Nel giugno 2014 il protagonista di "5", film che ricostruisce la storia criminale di una banda romana, era stato arrestato assieme ad altre 53 persone nell'inchiesta “Mediterraneo”. Secondo gli inquirenti sfruttava "la sua professione per gestire lo spaccio"
Droga sull’asse Calabria-Roma. C’è anche l’attore Stefano Sammarco tra i condannati del processo “Mediterraneo”. Dovrà scontare 11 anni e 4 mesi di carcere per associazione a delinquere finalizzata al traffico di cocaina.
Una valanga di condanne (31 in totale su 35 imputati) e cosca Molé in ginocchio. I pm Roberto Di Palma e Matteo Centini non possono che essere soddisfatti della sentenza di primo grado arrivata nella tarda serata di mercoledì 9 dicembre al termine di una lunga camera di consiglio in cui il gup Cinzia Barillà ha accolto l’impianto accusatorio della Direzione distrettuale antimafia di Reggio Calabria. Pene ancora più pesanti per i vertici del famiglia mafiosa di Gioia Tauro: 17 anni e 8 mesi di carcere, infatti sono stati inflitti a Carmelo Stanganelli, mentre 17 anni a Girolamo Magnoli.
Nel giugno 2014 Stefano Sammarco era stato arrestato assieme ad altre 53 persone nell’ambito dell’inchiesta “Mediterraneo” condotta dai carabinieri del Ros. L’attore romano evidentemente c’aveva preso gusto a recitare in “5”, film che ricostruisce la storia di una banda criminale della periferia romana. Ascoltando le intercettazioni, infatti, sembrava di essere in un film sulla malavita. Solo che le pistole e la cocaina erano vere. Così come i personaggi, affiliati alla ‘ndrangheta, con cui aveva a che fare Sammarco ritenuto – è scritto nell’ordinanza di custodia cautelare – un “soggetto che risulta partecipe, in maniera molto attiva, ai traffici di stupefacente intrattenuti su Roma dai Molé”.
Si faceva chiamare lo “zio” in segno di rispetto e frequenti erano i suoi rapporti con Rocco Molé. Proprio quest’ultimo, in un’intercettazione, disse a Sammarco: “Andiamo a prenderci la glock di tuo padre a casa.

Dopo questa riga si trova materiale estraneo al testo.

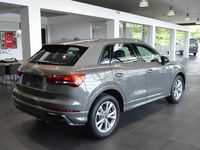 tweedehands Audi Q3 45 TFSI e 3X S-line navi clima cruise led pdc 245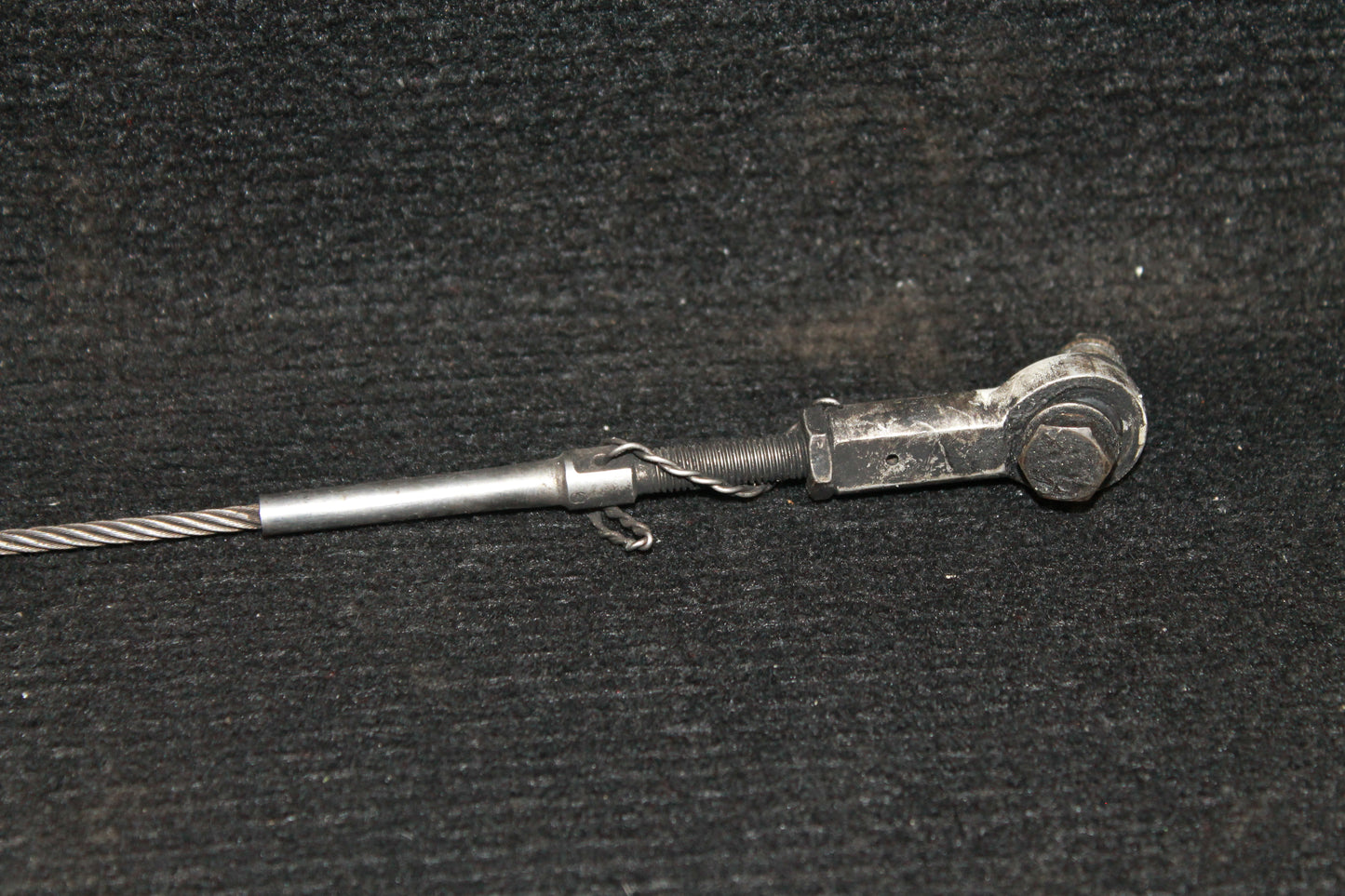 MLG Lock Cable, Long - Piper - C-FNCI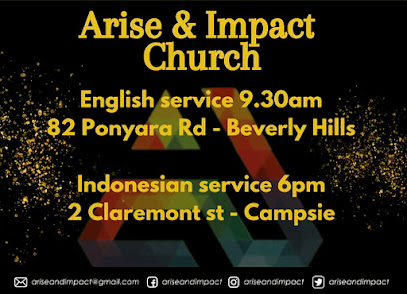 Arise and Impact Church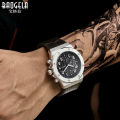 Baogra BAOGELA Watch Men's Waterproof Multi functional Quartz Watch Trendy Sports Men's Watch Wholesale Watch. 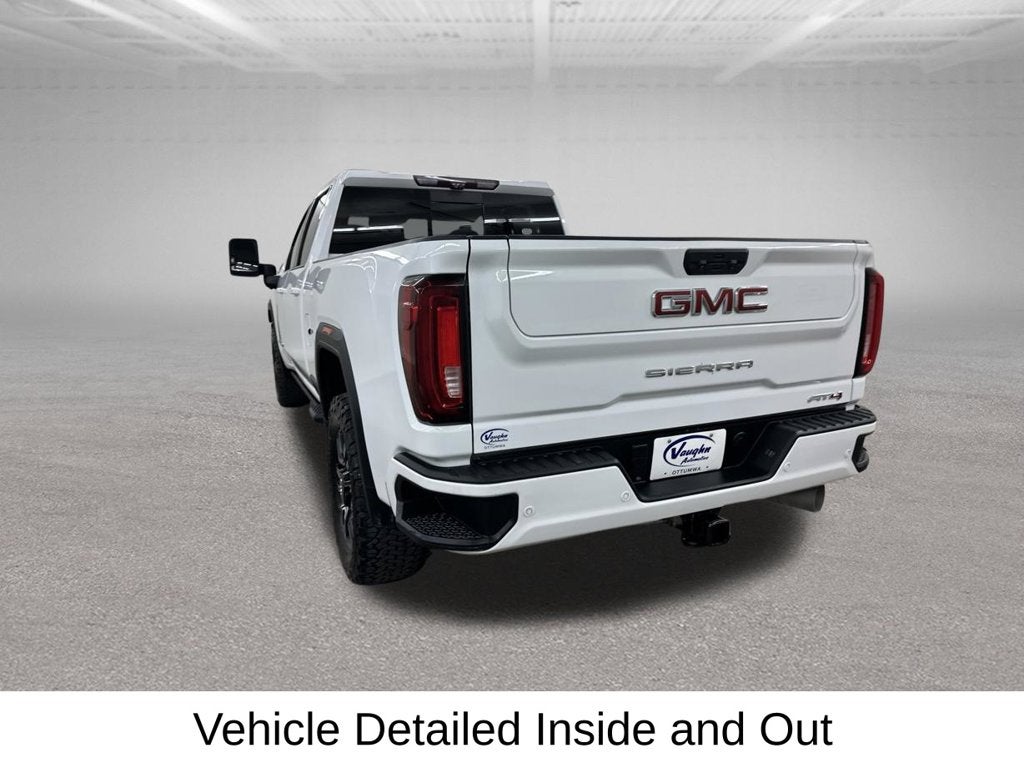 2021 GMC Sierra 2500HD AT4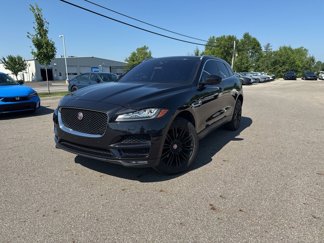 Used 2018 Jaguar F-PACE Portfolio image 1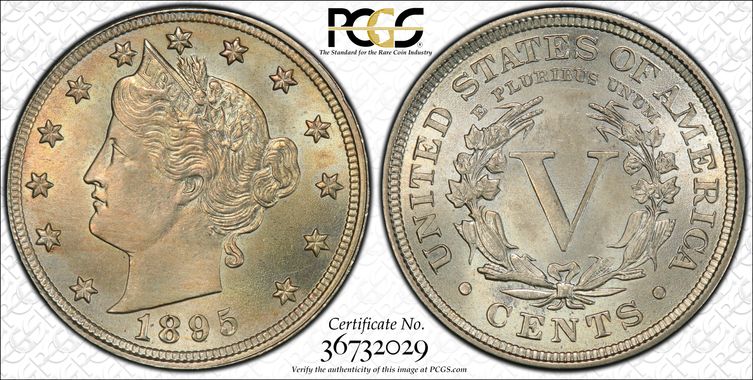 Cert 36732029 - Coin Image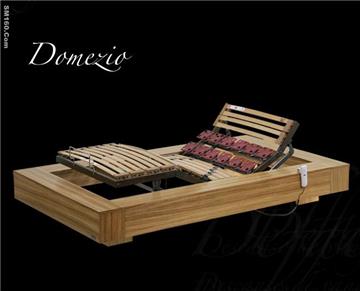 Domezio electric bed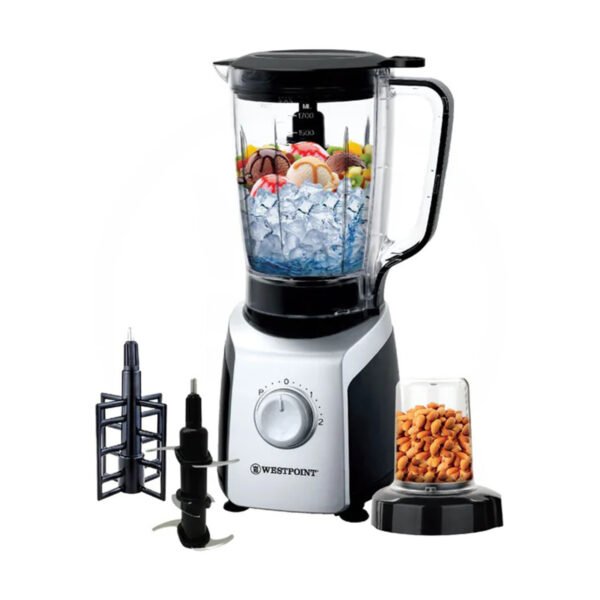 Westpoint Blender 3in1 WF-370 800 watts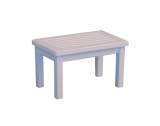 Weier Gartentisch White Garden Table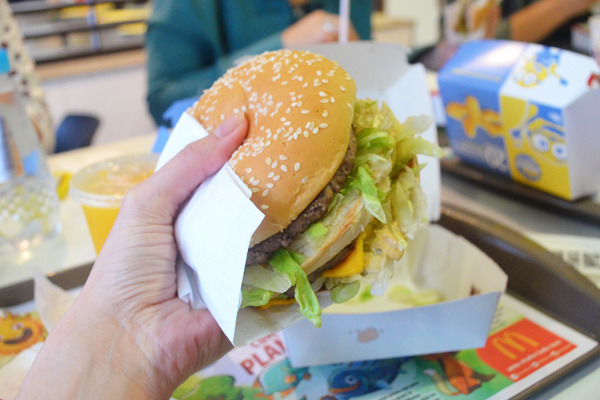 McDonald's - Grand Big Mac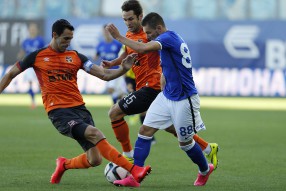 Динамо 1:0 Урал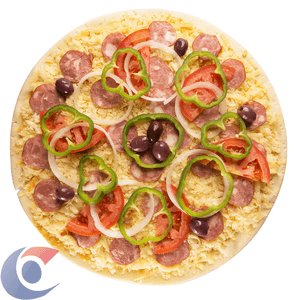 Pizza Portuguesa F34 500g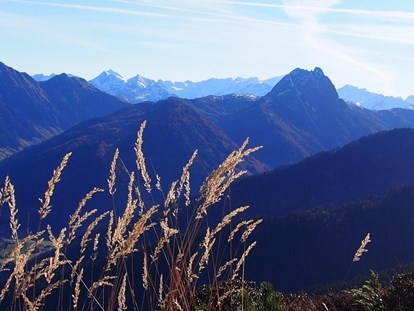 Wanderurlaub - Tirol - Blick auf den Großen Rettenstein - Metzgerwirt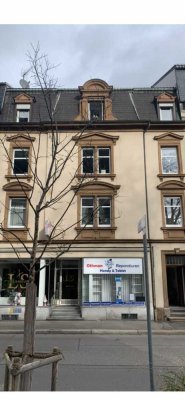 Zentrale Wohnung mit vier Zimmern in Lörrach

La prendi e spariamo a tutti… spariamo a tutta Roma”. Sammarco, rispondendo alle parole di Molé, usò parole e codici di chi è consapevole delle regole della ‘ndrangheta: “Se bisogna portare qualcuno… che volete fare… e gli dobbiamo tagliare dita… orecchi e cose… ho un bel posto… gli diamo pane e acqua… tagliamo orecchie quello che ti pare”.
Stando alle indagini del colonnello Leandro Piccoli, coordinate dai pm Di Palma e Centini, Sammarco partecipava “alle operazioni contabili inerenti sia alla gestione del narcotico sia a quella degli introiti che dalla sua commercializzazione derivavano. Sammarco era un soggetto che si valeva della copertura della sua professione di attore per operare nel settore degli stupefacenti e che interagiva costantemente con i Molé”.
Secondo i carabinieri, per conto della cosca di Gioia Tauro, Sammarco “gestiva le attività di spaccio sul comprensorio di Civitavecchia”. In Calabria come a Roma era tutto in mano alla ‘ndrangheta che controllava anche una serie di sale gioco e un traffico di armi. Tra i condannati, infatti, c’è anche Marino Belfiore (3 anni di carcere), oggi collaboratore di giustizia. All’epoca era l’armiere della cosca Molé che, pochi mesi prima dell’operazione “Mediterraneo”, era stato arrestato dalla Guardia di Finanza a un posto di blocco, nei pressi di Rizziconi, mentre nascondeva 14 kalashnikov nel cofano della sua auto.